#### Data listing ####

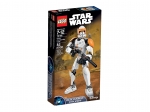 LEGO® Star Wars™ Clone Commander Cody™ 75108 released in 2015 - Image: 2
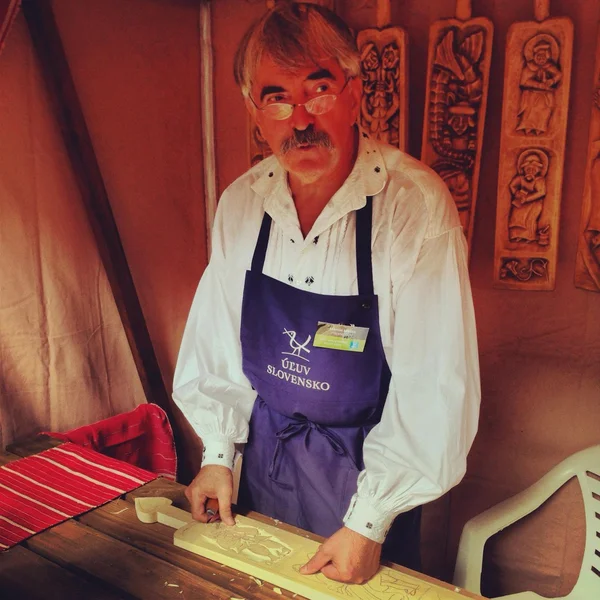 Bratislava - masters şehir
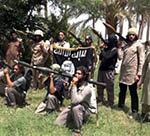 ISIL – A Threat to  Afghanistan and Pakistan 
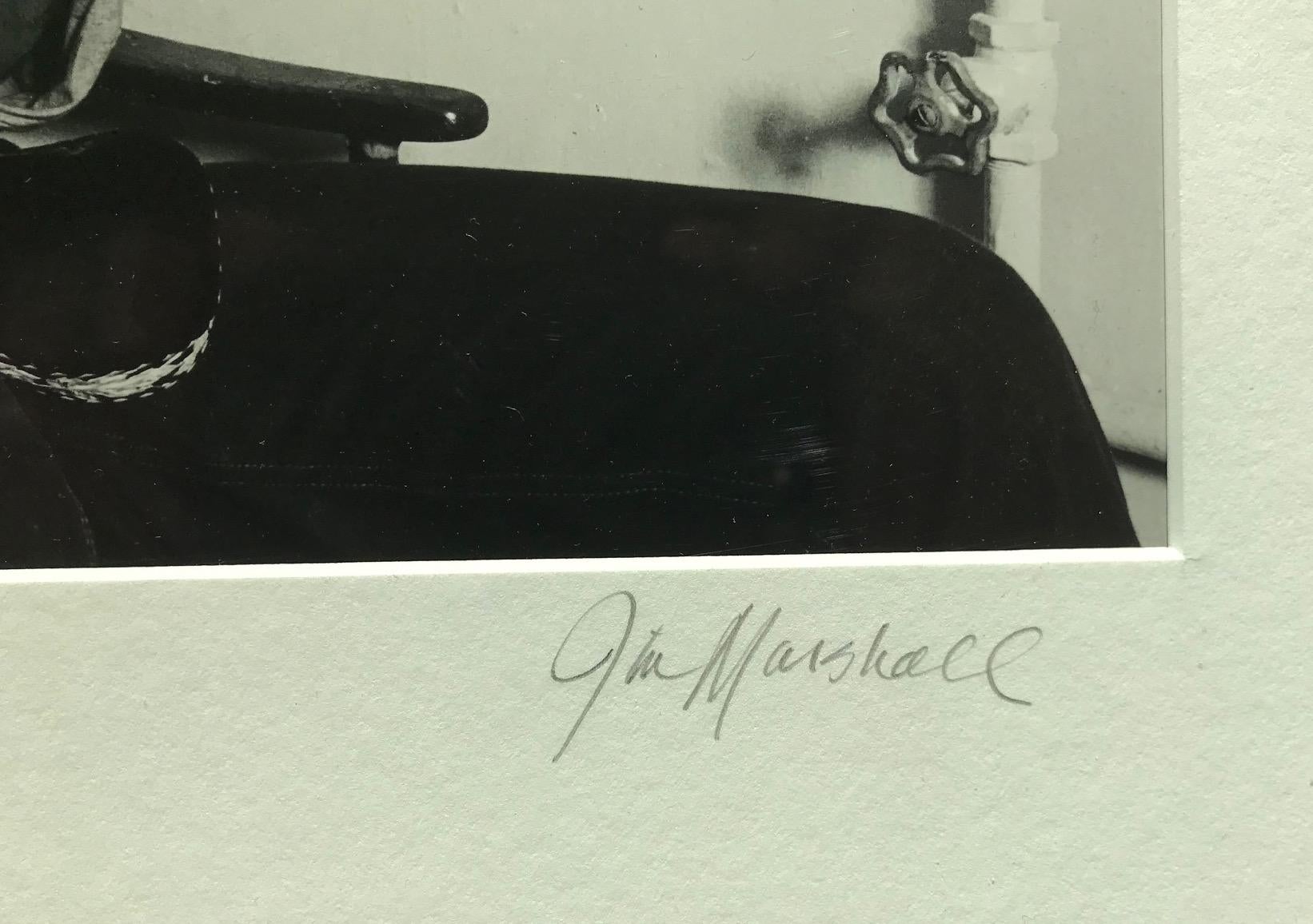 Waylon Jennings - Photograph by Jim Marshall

####
#### Data listing ####

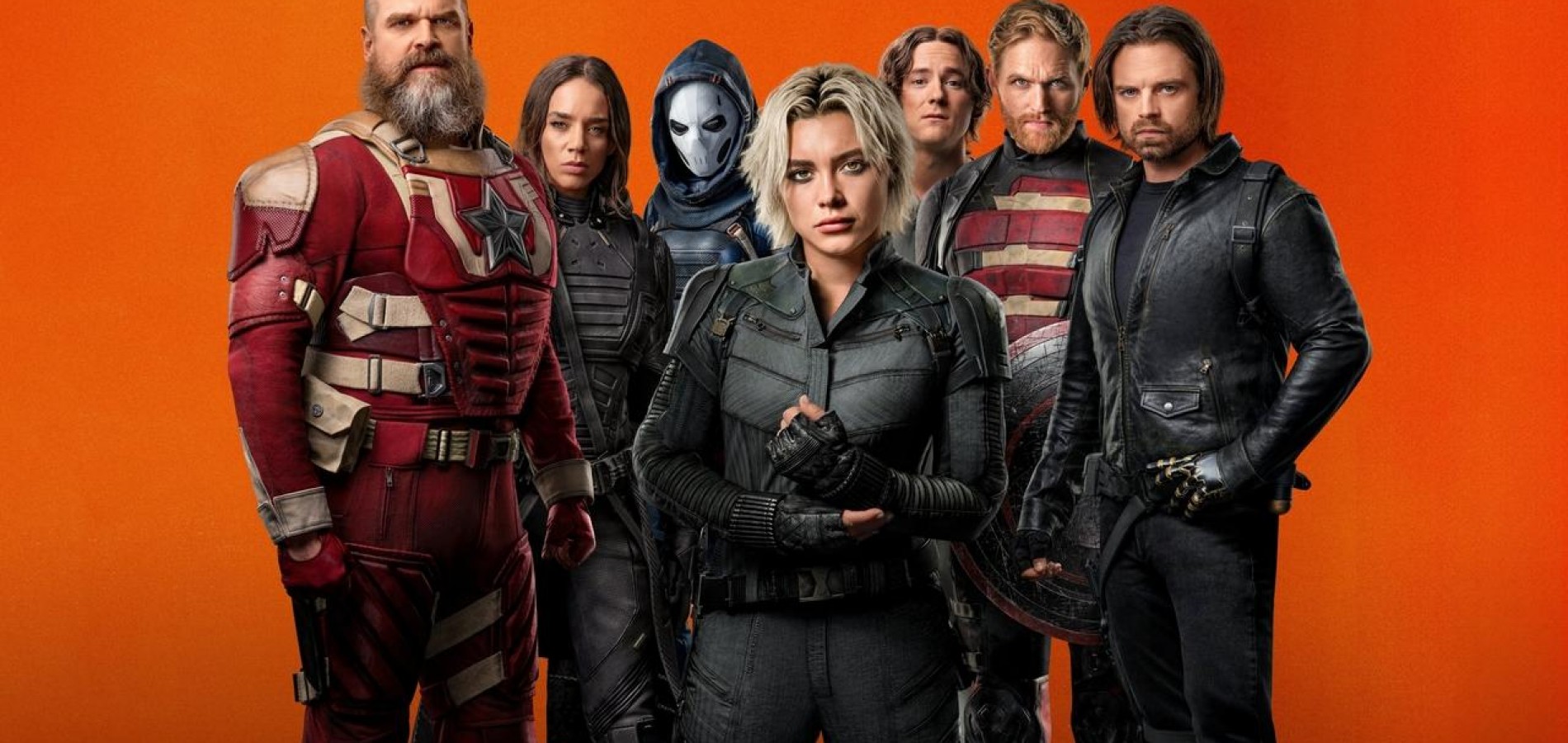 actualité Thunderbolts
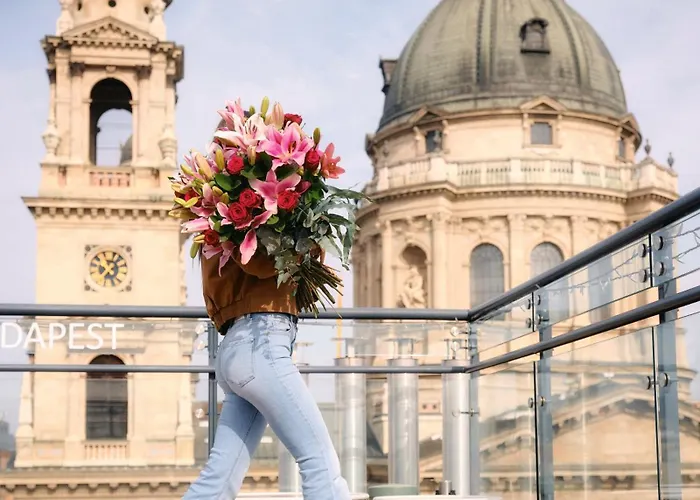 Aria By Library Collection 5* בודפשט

####

*Task objective*:
Starting at the line containing "LEGO® Star Wars™" and stopping at the line containing "Waylon Jennings - Photograph by Jim Marshall", output every line above exactly, both ends included, with pictures omitted.

*Solution*:
 LEGO® Star Wars™ Clone Commander Cody™ 75108 released in 2015 - Image: 2
 Bratislava - masters şehir
 ISIL – A Threat to  Afghanistan and Pakistan 
 Waylon Jennings - Photograph by Jim Marshall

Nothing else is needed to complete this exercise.